В начале недели я старался рассказать побольше, дать ученикам весь запланированный на неделю материал, чтобы в последние дни мы могли только упражняться в решении задач и примеров.

Накануне субботы я заранее заполнял журнал: указывал темы уроков, проставлял оценки ученикам, которых намечал опросить, и старался запомнить их фамилии. Это можно было сделать и задним числом, скажем, в понедельник, но я подстраховывался на случай так называемого ”посещения”. Могли прийти с проверкой завуч школы, директор, инспектор гороно (городского отдела народного образования) или кто-то из Института усовершенствования учителей, перенять опыт…

«Мама просила завуча составить расписание так, чтобы, у нее в пятницу вечером не было уроков.

— Вам надо, вы и составляйте, — обрадовался завуч, что может свалить на кого-то нудное дело.

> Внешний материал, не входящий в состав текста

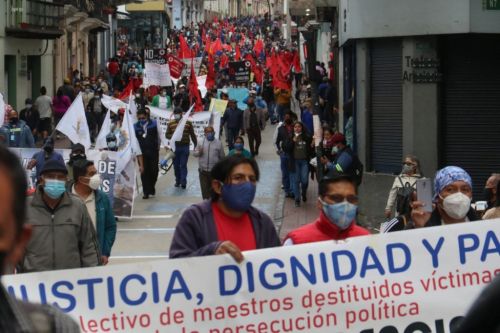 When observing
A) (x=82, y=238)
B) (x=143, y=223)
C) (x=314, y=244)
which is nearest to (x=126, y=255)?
(x=143, y=223)

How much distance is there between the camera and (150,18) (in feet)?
266

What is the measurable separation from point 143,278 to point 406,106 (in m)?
9.70

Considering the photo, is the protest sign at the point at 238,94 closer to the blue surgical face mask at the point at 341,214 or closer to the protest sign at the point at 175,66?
the protest sign at the point at 175,66

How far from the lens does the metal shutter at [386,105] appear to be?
1566cm

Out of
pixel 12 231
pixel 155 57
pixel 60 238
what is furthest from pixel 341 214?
pixel 155 57

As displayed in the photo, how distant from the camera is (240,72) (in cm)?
4025

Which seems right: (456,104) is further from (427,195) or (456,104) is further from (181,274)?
(181,274)

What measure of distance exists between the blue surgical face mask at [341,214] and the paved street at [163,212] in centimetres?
859

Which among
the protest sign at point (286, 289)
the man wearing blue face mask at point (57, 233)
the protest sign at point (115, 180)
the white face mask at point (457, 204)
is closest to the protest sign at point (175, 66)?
the protest sign at point (115, 180)

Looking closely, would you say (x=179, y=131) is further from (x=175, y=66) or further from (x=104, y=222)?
(x=175, y=66)

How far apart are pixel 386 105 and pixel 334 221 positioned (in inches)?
383

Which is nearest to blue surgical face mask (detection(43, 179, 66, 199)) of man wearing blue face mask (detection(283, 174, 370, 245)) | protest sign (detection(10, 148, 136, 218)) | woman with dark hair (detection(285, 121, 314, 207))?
man wearing blue face mask (detection(283, 174, 370, 245))

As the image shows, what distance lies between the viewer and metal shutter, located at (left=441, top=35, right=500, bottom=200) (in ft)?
48.7

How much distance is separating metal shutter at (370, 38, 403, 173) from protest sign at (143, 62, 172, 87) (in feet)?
60.7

Мама и составила, учла и удовлетворила пожелания всех учителей. Все были довольны. Кроме завуча, который стал посматривать на маму косо: уж не метит ли она на его место?»          (Из рассказа рава Бенциона).

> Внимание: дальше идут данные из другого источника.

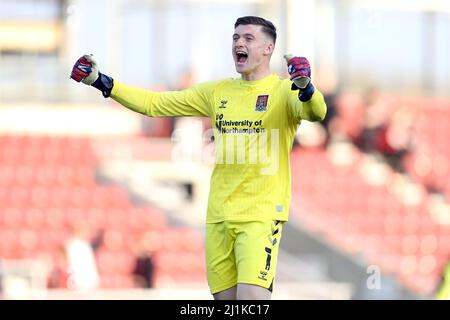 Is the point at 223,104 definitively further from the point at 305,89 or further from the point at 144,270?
the point at 144,270

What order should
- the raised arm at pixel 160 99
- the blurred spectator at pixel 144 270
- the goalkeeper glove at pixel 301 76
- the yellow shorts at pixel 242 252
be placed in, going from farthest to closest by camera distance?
the blurred spectator at pixel 144 270, the raised arm at pixel 160 99, the yellow shorts at pixel 242 252, the goalkeeper glove at pixel 301 76

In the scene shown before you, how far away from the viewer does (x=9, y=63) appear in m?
21.3

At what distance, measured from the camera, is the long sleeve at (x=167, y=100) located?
7.23 m

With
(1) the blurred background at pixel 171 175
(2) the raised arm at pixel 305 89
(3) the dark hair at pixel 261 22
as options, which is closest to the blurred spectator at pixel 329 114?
(1) the blurred background at pixel 171 175

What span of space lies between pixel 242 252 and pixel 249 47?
1282mm

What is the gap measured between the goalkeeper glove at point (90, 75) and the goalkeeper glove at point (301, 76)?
1357 millimetres

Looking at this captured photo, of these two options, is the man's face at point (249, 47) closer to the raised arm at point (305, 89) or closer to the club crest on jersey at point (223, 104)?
the club crest on jersey at point (223, 104)

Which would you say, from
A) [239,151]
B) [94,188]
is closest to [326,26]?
[94,188]

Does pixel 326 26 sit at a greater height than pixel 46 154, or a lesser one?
greater

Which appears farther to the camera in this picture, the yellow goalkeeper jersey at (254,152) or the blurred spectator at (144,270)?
the blurred spectator at (144,270)

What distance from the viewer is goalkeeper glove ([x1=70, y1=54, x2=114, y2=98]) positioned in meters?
6.99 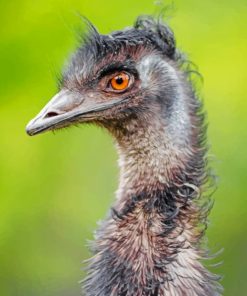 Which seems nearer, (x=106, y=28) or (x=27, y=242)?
(x=106, y=28)

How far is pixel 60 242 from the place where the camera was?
27.9ft

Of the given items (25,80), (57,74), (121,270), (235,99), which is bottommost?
(121,270)

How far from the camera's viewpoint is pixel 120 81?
5.67 meters

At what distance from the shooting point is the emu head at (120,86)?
565 cm

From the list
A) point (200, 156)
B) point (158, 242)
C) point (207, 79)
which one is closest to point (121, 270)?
point (158, 242)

Я убедился и могу утверждать: подвергая человека испытанию, Б-г всегда дает ему силы это испытание выдержать. Было бы желание. Нельзя сказать: ”Я был вынужден украсть, убить…” Так не бывает. Если бы ты знал, что тебе придется заплатить за это тридцать тысяч долларов, ну, сорок, — ты бы точно удержался. Вы скажете — неудачный пример: человека тюрьма не останавливает, как же его деньги остановят?! А я говорю — остановят. Деньги сильнее, чем тюрьма. За деньги убивают. Тот, кто не боится Б-га, все сделает за деньги. И от многого за деньги удержится. А если не удержался — значит, не хотел! Но силы устоять перед испытанием — есть!

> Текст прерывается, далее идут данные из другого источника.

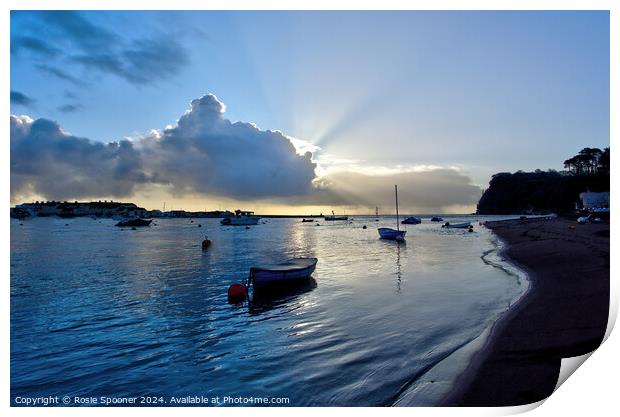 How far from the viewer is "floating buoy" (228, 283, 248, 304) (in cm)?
1576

Мы вышли из страны, где все воруют. Как использовать это качество для добра?

Красть время для Торы!

Должен признаться: я много обманывал советскую власть, много времени у нее украл. В субботу я всегда являлся в класс с опозданием, минут через десять после звонка, независимо от того, ждет меня там какой контролер или нет. Это был мой второй рабочий принцип. Как этот долг отдать сейчас — не знаю.

Но вот я в классе. Инспектор уже сидит на задней парте, ждет. Я вдруг ”спохватываюсь” — ох, забыл журнал. Отправляю кого-нибудь из учеников за журналом. Журнал доставлен. Предлагаю принесшему: ”Отметь, кого нет в классе” (обычно это делает учитель), — а сам ”наверстываю время”: велю ученикам открыть задачники и называю номер примера или задачи. Один ученик решает у доски, остальные — в тетрадях.

Теперь представим себе, что ученик у доски забыл или не знает формулу. В любой другой день я бы написал формулу на доске сам. Но суббота! И я поднимаю одного, другого, третьего ־ пока кто-то не напишет. И так я веду весь урок — только примеры и задачи.

Третий принцип касался тактики действий с учениками-евреями. Это тоже ведь надо заранее обдумать. В субботу я евреев к доске не вызывал, а к сидящим за партой подходил и говорил: ,,Тебе тема сегодняшнего урока понятна, можешь не писать”.

Что интересно: инспектировали меня не раз, и неизменно уроки в субботу или в праздники получали самую лучшую оценку. Лучшую! Инспекторам очень нравилось, что ”учитель только руководил классом, а весь класс увлеченно работал”.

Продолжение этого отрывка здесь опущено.